[[ DATA FOR THIS TASK, beginning ]]
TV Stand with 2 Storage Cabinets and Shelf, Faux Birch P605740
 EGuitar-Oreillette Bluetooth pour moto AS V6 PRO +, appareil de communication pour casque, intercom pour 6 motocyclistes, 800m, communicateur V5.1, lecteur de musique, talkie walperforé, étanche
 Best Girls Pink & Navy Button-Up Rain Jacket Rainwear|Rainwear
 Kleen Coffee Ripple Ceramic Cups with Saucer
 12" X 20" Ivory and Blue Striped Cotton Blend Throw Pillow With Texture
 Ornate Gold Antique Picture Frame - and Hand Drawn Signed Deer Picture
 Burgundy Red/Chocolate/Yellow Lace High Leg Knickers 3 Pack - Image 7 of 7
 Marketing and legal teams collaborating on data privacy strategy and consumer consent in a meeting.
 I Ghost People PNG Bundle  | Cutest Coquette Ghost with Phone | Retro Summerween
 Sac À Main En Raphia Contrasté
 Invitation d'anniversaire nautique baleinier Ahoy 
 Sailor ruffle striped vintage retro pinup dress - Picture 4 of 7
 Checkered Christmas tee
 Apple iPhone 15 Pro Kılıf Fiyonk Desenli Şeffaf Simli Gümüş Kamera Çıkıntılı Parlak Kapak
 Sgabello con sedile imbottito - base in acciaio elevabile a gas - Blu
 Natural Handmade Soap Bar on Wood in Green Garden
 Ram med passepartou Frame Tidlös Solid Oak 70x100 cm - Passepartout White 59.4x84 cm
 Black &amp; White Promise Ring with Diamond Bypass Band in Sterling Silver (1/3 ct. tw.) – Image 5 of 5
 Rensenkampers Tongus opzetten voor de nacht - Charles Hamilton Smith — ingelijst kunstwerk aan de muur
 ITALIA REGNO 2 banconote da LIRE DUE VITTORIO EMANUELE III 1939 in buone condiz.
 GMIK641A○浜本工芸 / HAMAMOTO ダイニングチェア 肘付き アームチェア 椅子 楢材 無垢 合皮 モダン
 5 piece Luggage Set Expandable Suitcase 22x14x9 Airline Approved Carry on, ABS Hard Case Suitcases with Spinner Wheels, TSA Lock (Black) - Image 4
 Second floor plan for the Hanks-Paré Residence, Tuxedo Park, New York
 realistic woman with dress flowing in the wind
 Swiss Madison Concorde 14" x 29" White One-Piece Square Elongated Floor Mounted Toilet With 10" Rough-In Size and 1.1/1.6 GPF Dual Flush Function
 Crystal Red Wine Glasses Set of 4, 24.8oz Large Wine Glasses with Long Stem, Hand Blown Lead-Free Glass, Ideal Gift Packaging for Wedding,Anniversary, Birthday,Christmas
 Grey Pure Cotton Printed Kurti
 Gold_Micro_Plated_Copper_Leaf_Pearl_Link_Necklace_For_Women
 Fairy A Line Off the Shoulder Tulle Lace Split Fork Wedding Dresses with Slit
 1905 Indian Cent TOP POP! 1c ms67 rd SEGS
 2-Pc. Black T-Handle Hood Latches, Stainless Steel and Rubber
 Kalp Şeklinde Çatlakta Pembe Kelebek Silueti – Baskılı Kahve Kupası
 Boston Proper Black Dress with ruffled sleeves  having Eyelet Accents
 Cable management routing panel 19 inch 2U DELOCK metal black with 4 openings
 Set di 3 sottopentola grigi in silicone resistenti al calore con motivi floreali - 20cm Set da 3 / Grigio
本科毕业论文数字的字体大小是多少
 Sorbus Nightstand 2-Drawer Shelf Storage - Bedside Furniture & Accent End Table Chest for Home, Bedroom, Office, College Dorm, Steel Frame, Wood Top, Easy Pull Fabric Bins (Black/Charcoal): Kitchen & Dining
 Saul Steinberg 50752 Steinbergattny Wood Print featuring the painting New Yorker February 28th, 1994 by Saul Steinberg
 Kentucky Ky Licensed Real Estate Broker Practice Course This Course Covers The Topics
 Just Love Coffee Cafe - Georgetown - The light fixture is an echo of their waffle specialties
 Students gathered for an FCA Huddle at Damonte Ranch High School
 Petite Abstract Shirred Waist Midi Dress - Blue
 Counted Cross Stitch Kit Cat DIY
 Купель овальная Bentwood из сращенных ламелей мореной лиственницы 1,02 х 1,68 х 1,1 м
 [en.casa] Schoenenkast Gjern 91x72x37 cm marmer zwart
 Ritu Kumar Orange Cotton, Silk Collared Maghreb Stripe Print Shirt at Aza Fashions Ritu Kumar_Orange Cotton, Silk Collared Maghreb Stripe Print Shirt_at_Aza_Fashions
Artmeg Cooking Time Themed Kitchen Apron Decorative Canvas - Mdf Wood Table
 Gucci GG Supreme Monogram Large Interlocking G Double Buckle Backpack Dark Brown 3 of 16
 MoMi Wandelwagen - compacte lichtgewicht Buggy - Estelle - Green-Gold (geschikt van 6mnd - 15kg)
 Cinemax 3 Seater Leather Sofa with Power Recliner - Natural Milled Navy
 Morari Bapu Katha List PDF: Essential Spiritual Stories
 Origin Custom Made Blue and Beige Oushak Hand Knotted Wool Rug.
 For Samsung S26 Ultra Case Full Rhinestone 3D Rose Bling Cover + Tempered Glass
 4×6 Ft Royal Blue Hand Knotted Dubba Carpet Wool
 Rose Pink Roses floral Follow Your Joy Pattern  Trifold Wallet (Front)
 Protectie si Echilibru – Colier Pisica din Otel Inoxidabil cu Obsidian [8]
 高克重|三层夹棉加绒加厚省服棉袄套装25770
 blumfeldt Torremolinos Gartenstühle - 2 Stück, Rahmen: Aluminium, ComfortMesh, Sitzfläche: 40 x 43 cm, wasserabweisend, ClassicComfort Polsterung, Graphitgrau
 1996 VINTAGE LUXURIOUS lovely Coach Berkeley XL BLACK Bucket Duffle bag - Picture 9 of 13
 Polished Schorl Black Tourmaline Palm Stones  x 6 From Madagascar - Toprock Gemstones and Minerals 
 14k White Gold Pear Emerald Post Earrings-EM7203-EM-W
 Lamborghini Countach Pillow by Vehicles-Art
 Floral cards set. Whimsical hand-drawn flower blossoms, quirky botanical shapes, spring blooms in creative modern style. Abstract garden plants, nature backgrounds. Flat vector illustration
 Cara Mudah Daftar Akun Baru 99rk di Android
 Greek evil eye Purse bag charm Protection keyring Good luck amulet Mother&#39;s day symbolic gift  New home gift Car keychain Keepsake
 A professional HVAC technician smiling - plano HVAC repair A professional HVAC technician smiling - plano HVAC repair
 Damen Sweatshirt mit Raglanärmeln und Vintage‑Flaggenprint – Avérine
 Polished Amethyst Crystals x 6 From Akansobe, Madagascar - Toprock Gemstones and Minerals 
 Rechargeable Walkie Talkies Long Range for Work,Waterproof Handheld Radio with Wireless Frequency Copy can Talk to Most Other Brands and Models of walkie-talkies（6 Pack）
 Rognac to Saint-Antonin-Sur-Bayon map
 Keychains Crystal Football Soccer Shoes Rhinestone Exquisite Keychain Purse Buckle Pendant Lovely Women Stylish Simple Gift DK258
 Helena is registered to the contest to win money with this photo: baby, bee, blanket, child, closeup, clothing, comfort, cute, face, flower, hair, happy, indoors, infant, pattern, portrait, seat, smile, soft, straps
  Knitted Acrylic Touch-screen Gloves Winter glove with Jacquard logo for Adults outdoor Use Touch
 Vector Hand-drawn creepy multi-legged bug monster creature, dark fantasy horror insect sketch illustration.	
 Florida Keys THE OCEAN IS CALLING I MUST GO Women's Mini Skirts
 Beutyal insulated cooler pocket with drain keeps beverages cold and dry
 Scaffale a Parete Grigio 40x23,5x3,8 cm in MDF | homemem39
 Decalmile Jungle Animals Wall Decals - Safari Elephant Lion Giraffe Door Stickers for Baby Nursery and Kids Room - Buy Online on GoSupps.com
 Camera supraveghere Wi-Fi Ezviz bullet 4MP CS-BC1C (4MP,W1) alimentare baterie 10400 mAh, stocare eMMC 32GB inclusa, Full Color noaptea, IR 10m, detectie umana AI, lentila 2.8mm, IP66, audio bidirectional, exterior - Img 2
[[ DATA FOR THIS TASK, end ]]
> [YOUR ASSIGNMENT]
Exactly the lines from the one holding "Polished Amethyst Crystals" through the end of the records above are to be returned, and nothing else.

> [EXERCISE ANSWER]
 Polished Amethyst Crystals x 6 From Akansobe, Madagascar - Toprock Gemstones and Minerals 
 Rechargeable Walkie Talkies Long Range for Work,Waterproof Handheld Radio with Wireless Frequency Copy can Talk to Most Other Brands and Models of walkie-talkies（6 Pack）
 Rognac to Saint-Antonin-Sur-Bayon map
 Keychains Crystal Football Soccer Shoes Rhinestone Exquisite Keychain Purse Buckle Pendant Lovely Women Stylish Simple Gift DK258
 Helena is registered to the contest to win money with this photo: baby, bee, blanket, child, closeup, clothing, comfort, cute, face, flower, hair, happy, indoors, infant, pattern, portrait, seat, smile, soft, straps
  Knitted Acrylic Touch-screen Gloves Winter glove with Jacquard logo for Adults outdoor Use Touch
 Vector Hand-drawn creepy multi-legged bug monster creature, dark fantasy horror insect sketch illustration.	
 Florida Keys THE OCEAN IS CALLING I MUST GO Women's Mini Skirts
 Beutyal insulated cooler pocket with drain keeps beverages cold and dry
 Scaffale a Parete Grigio 40x23,5x3,8 cm in MDF | homemem39
 Decalmile Jungle Animals Wall Decals - Safari Elephant Lion Giraffe Door Stickers for Baby Nursery and Kids Room - Buy Online on GoSupps.com
 Camera supraveghere Wi-Fi Ezviz bullet 4MP CS-BC1C (4MP,W1) alimentare baterie 10400 mAh, stocare eMMC 32GB inclusa, Full Color noaptea, IR 10m, detectie umana AI, lentila 2.8mm, IP66, audio bidirectional, exterior - Img 2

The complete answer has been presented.